In another post, we have been discussing the fact that the media and the public doesn’t know beans about railroads and I think this pretty much seals the matter.
This appears to be another case of the federal government closing off the local governments efforts to regulate safety. By making it part of the FRA, who then basically give responsibility to the railroads, there is no effective oversight. Unfortunately, the public has no way to accurately assess the danger except through serious incidents involving hazardous materials Since these occur too frequently, rerouting appears to be the only safe choice.
The telling part was when the railroads suspended shipments while the president was at the football game. Personally given the dangers, I would try to live and work at least a couple of miles from any track. But for many people that’s not am option.
How frequently do they happen? I’ve lived next to the BNSF since back when it was the Frisco and they operated black and gold diesels, 45 years to be exact. There has been precisely one wreck, and that was about 30 years ago. I remember a RR employee riding on the flatcar in front of the “Big Hook” inviting my kids and I to ride down about half a mile and watch them put the cars back up on the track. We did and had a great time. I remember it was coal cars and one boxcar full of LCL.
My daughter lived in Hampstead MD next to the WM tracks for 10 years. We used to sit on her front porch and watch the trains go by.
Should we have been afraid?
As to the President’s safety, the 2003 “Classic Trains” told about Harry Truman actually spending some time at the throttle of a moving B&O train. What’s to fear?

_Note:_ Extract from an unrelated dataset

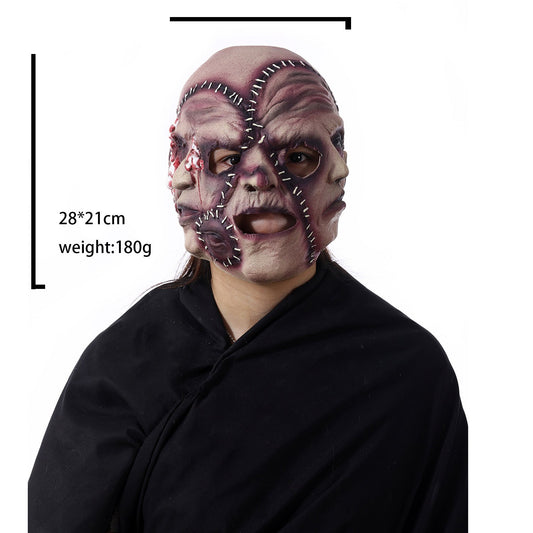 Halloween Three-sided Grimace Horror Mask Cosplay Mask Party Scary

Isn’t it in the best interest of the federal government, to regulate interstate commerce? If you let each state,county, city and municipality start making and enforcing it’s own rules, what would you have? If you let Baltimore limit what can be shipped there, what stops a state line Iowa, for example, from prohibiting shipment of certain items through it’s state?
Wouldn’t you guess that a majority of the people in the US live or work within a couple of miles of a railroad track? Wouldn’t you also want to live a couple of miles away from an airport, a highway, a navigatable river, a pipeline, a port, etc…?
Seems like it might be easier, to just make sure the railroads are as safe as possible.
[soapbox]Why is it that so many little TV reporters and beat journalists think they are competent to do our thinking for us? Some of these folks need to go back to school and learn how to write an unbiased story – they might be surprised at how many of their remarks are “editorial” (opinion).
I do understand that most newspapers have been “featurized” since the 1960s, but there are ways to do that that are journalisticallly honest, and some not. I mean, Walter Lippman certainly had opinions, but his readership could distinguish them from fact – and he is best known today as a writer of editorials or what today we’d call “op ed.”
Thsnk you for letting me get that off my chest. [sigh]
Well, Paul, maybe old age has blunted my fears. I went through the era when the A-bomb was going to detroy civilization, when the Bolskeviks were going to take over the world, when anything you ate was poison, when there were satanist cults out to kidnap your children and Lord knows what else.
Now I’m a bit fatalistic and the BNSF hauls mostly coal. You’re probably right, but I’m not going to worry about it.
Ah, but are they? or is the federal gov’t letting them off the hook? Is this like lead poisoning from China where the federal gov’t said we had enough inspectors but really didn’t? Like the beef fiasco. And on and on… the federal gov’t doesn’t have a good track record recently on prot
You bring up an interesting thought. How, exactly, would/could we force the government to do a better job in the transportation industry, whether it’s the FRA, FAA,NHSS ((?) National Highway Safety Something or other)?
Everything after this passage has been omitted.